The reason everyone has a chance in today’s Top 10 championship round is twofold: 1) the relatively narrow margin between 1st and 10th place – 5 pounds, 13 ounces; and 2) the potential swimming in Pickwick Lake. Keith Combs tapped that potential last Monday on the first practice day when he had a best five that would have pushed 32 pounds.
“I figured out a little deal throwing a 3/4-ounce Strike King Thunder Cricket,” Combs recalled. “It was like fishing at home on Rayburn or Toledo Bend. They were in these little drains that developed into a current break.
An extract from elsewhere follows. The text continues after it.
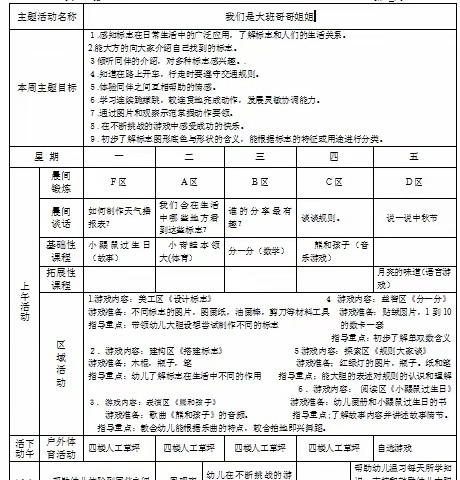 新城中心幼儿园大6班第二周安排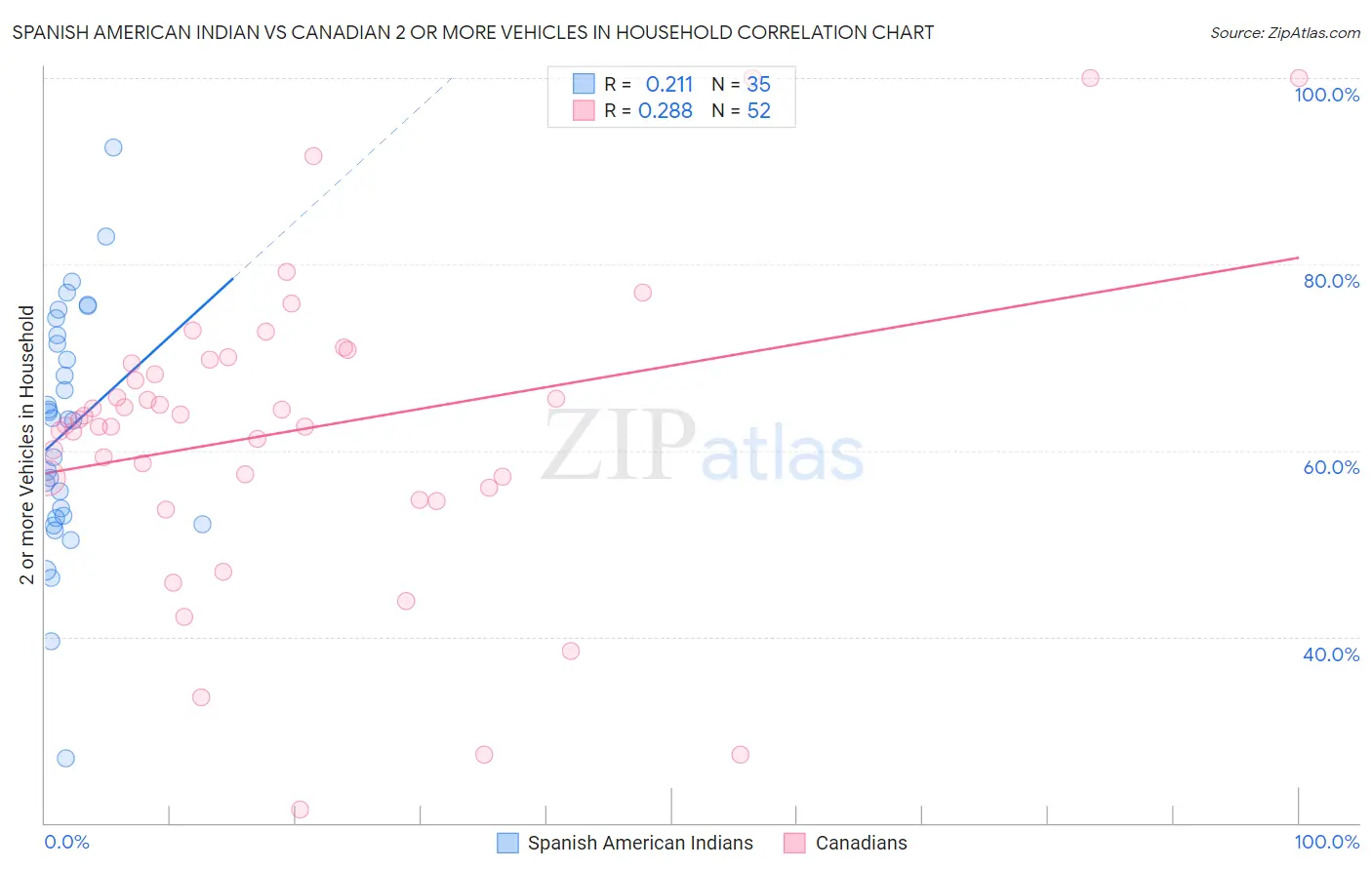 Spanish American Indian vs Canadian 2 or more Vehicles in Household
I had a 10, a 7, three more in the 5-pound class and I don’t know how many 4s.”
Combs couldn’t find those fish after the flood hit the Tennessee River. But he realized that Chad Pipkens found some of them, based on the area where Pipkens was catching them in the tournament. Pipkens acknowledged that was probably the case. Cory Johnston is in that area too, where the bass have slid behind an island in a current break. There is a lot of hydrilla in the area.
“I think just figuring it out as the tournament has gone on was a big part of it,” Johnston said of his rise from 22nd place on Day 2 to 3rd place yesterday. “There are 30-pound bags everywhere in this place. But you’d have to spend days out there to figure out where they are.”
Can someone figure it out today? There have been 55 five-bass limits topping 20 pounds weighed during the first three days of the tournament. Two have topped 25 pounds – Koby Kreiger’s 25-12 on Day 1 and Johnston’s 25-5 on Day 2.